Fidèle au poste 365 jours par année
C’est sous le son du cadran à 4h tous les matins que Carmen Desjardins se réveille, se prépare et prend la route de son café-restaurant, 7 jours sur 7, depuis plus de 50 ans où elle vous attend et vous sert, toujours avec le même sourire, malgré le fait qu’elle soufflera ses 80 bougies en 2025.
Carmen Desjardins est plus que restauratrice. Dans le secteur Cap-de-la-Madeleine, c’est une pure légende. Pour certains, c’est une sœur, une amie proche, une confidente.
« Je suis native de Rimouski et j’ai commencé avec un petit comptoir-lunch. J’ai décidé d’ouvrir un plus grand restaurant ensuite. Je suis partie avec deux petites valises en train à Montréal. Mon restaurant fonctionnait très bien et j’y suis restée 18 ans. Lorsque mon mari a eu un accident, on a emménagé à Trois-Rivières. J’ai ouvert le restaurant Chez Carmen pendant 18 ans, et ensuite le Café Rétro pendant encore 18 ans. Mon plus récent, c’est Au Vieux Café, depuis 10 ans », raconte-t-elle.
« C’est moi qui cuisine et c’est de la cuisine maison. J’ai une gentille personne qui m’aide, tandis que mon fils, Jean-Denis Poulin, s’occupe de plusieurs commissions. Il est toujours présent pour sa mère. Le matin, je commence mes déjeuners et, ensuite, je prépare mes menus du jour. J’enchaîne avec mes repas cuisinés, la soupe et mes desserts. J’ai toujours été habitée par la passion du restaurant et j’ai toujours dit: »En restauration, tu l’as ou tu ne l’as pas! » J’adore servir mes clients. Ils me suivent depuis plus de 30 ans, alors c’est comme une famille pour moi. Ils ont un petit problème? Ils viennent voir Carmen! », lance-t-elle en riant.
Carmen n’a jamais ralenti. Son café est ouvert 365 jours par année depuis fort longtemps. Tout récemment, elle a dû s’absenter pendant deux jours pour visiter de la famille à Rimouski.

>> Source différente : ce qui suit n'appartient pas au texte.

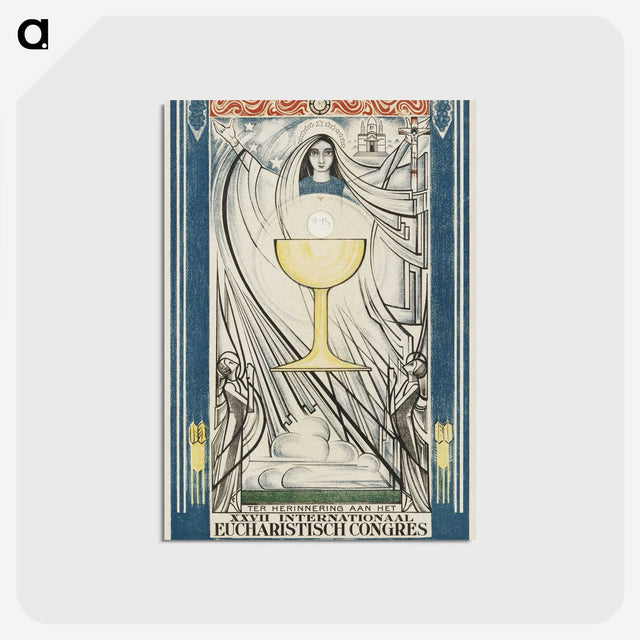 1-12_Jan-Toorop_postcard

« Si je ferme les jours fériés, les clients n’auront pas de place pour aller manger, ajoute-t-elle, tout sourire. Même à Noël et au Jour de l’An, par exemple, c’est tellement important pour moi d’être ici pour nourrir les gens seuls qui n’ont pas de place où aller ou pas de famille avec qui célébrer. C’est le temps le plus précieux pour moi. Je prépare la cuisine des Fêtes comme s’ils étaient à la maison, donc avec des pâtés à la viande, du ragoût de boulettes, de la dinde et un beau dessert. Les gens repartent et ils sont heureux. »
Carmen Desjardins est bien consciente de cette chance qu’elle a d’être toujours en forme.

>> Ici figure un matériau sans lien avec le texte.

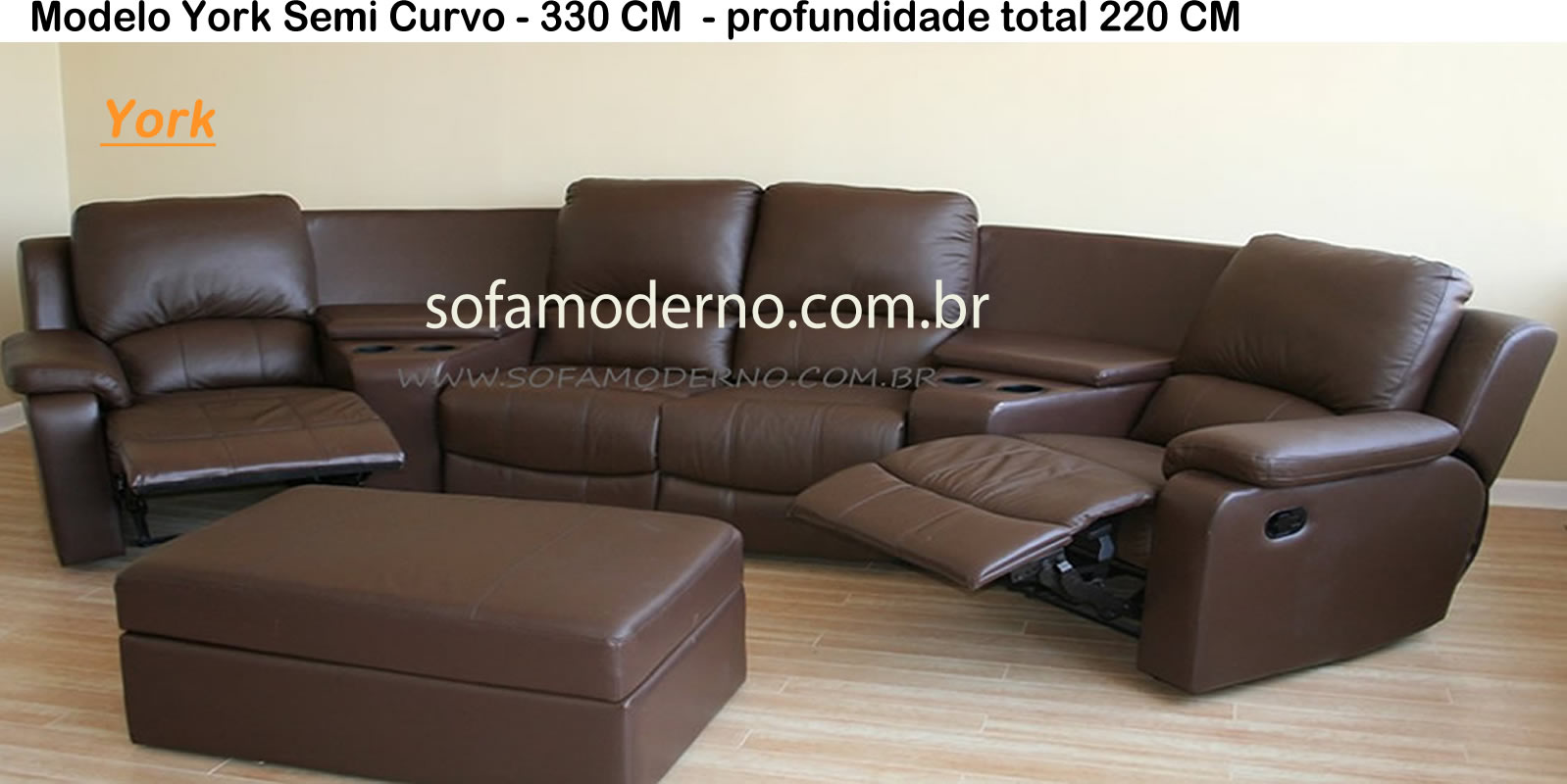 sofa reclinavel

« Je suis ici à 4h30 et j’ouvre à 6h30. Il y a eu la COVID-19, mais j’ai continué à cuisiner pour mes clients. Ils venaient chercher leurs plats à l’entrée. Jamais je n’ai pensé fermer parce qu’ils avaient besoin de manger. Lorsque les restaurants ont rouvert, là c’était la joie. Ils étaient contents de me revoir, mais moi aussi j’étais contente parce que ce contact-là avec les gens m’avait manqué. C’est une famille et on s’entraide. Parfois, je demande à un client d’aller me chercher une poche de patates et il accepte en courant. »
Pour Carmen, l’idée de fermer l’endroit pour profiter d’une retraite bien méritée est encore loin.
« Si j’arrête, je meurs! s’exclame-t-elle. Blague à part, je ne peux pas arrêter parce que je vais tomber malade. Je suis la plus vite pour cuisiner! Je suis la meilleure! Si on arrête de travailler, c’est là qu’on va ankyloser et tomber malade. Lorsqu’une personne de 65 ans arrête de travailler, les maladies surviennent. C’est une leçon que les personnes âgées devraient suivre, de rester actives avec un emploi à temps partiel. C’est ça le secret de la santé. J’en ai pour au moins trois ans encore ici, si la santé le permet. Mon père est mort à 100 ans, en pleine santé, d’un bête accident », ajoute-t-elle.
« Lorsque j’ai vendu le Café Rétro, je me suis retrouvée une semaine à la maison et je pensais devenir folle. Je me suis présentée ici et je voulais louer le local, mais le monsieur ne voulait pas louer. Je lui ai demandé de s’informer, autour, qui était Carmen Desjardins et le lendemain, il me rappelait pour me le louer. Je suis heureuse d’aider le monde. J’aime le contact avec les gens », conclut-elle.